LUCE CRISTALLINA D'INVERNO


Gaži è, per molti versi, un pittore predestinato dell'inverno, che vede come "morto con gli occhi chiusi". Paipak, raramente è solo il "campo di neve d'autunno, splende il chiaro di luna" e più spesso una vista panoramica di borghi innevati, con cortili in rovina e sentieri lastricati, dove le persone si incontrano per conversare, cestai, boscaioli, nonni, fiere o un cavallo in corsa, tutto splendente di forza a sangue pieno.
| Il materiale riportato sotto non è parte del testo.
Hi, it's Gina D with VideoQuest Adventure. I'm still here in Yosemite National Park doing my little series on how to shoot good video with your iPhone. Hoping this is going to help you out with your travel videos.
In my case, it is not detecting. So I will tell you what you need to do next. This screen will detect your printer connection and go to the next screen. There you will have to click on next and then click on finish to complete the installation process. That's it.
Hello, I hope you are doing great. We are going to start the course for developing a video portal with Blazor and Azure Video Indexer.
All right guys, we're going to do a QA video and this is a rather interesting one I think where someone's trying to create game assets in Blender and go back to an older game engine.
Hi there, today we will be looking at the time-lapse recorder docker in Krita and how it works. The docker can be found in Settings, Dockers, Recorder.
Molte erbe essiccate: felci, sambuco, bardana, agrifoglio, viti e arbusti nodosi, scene invernali dinamiche e accenti pittorici locali particolarmente graziosi: zucche arancioni, treccia di salice giallo rossastro, facciata color zafferano della chiesa di Hlebine, tegole marroni sul tetto. Alcuni sono raffigurati con un angolo di campo modificato, ma si tratta sicuramente di uno sfondo del cielo sempre diverso, elaborato in tonalità dal blu alla lingerie al turchese, verde zolfo, viola scuro e cremisi. 
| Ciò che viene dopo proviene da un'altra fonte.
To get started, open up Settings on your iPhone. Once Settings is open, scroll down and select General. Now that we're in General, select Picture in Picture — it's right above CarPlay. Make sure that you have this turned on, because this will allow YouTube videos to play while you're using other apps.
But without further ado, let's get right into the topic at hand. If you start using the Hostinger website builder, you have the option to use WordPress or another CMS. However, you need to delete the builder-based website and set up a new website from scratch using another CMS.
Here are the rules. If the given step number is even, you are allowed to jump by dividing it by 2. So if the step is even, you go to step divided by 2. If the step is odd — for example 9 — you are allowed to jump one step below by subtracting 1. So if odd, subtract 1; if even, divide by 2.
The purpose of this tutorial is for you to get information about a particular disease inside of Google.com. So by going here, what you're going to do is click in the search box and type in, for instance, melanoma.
Ricordiamoci: solo i grandi malinconici mostravano una tale sensibilità ai fenomeni e ai cambiamenti dell'aria e celesti, e il primo saggio sulla climatologia fu scritto dal Rev. Robert Burton, autore del famoso "Anatomia della malinconia", dal titolo "Digressione dell'aria". Gaži fece anche molte divagazioni del genere, incoraggiando il poeta a evocare la luce cristallina dell'inverno, che, come un'aureola, disperde la terra, liberandola dalle "impurità della realtà". Solo una provincia così candida, sulla quale la neve ha ripetuto il rito di guarigione del silenzio, sarà pronta per l'apertura della porta del solstizio e l'arrivo trionfante di Cristo Re. E tutti sono addomesticati, ordinatamente seduti nella foto - inutile dirlo - una potenziale Betlemme.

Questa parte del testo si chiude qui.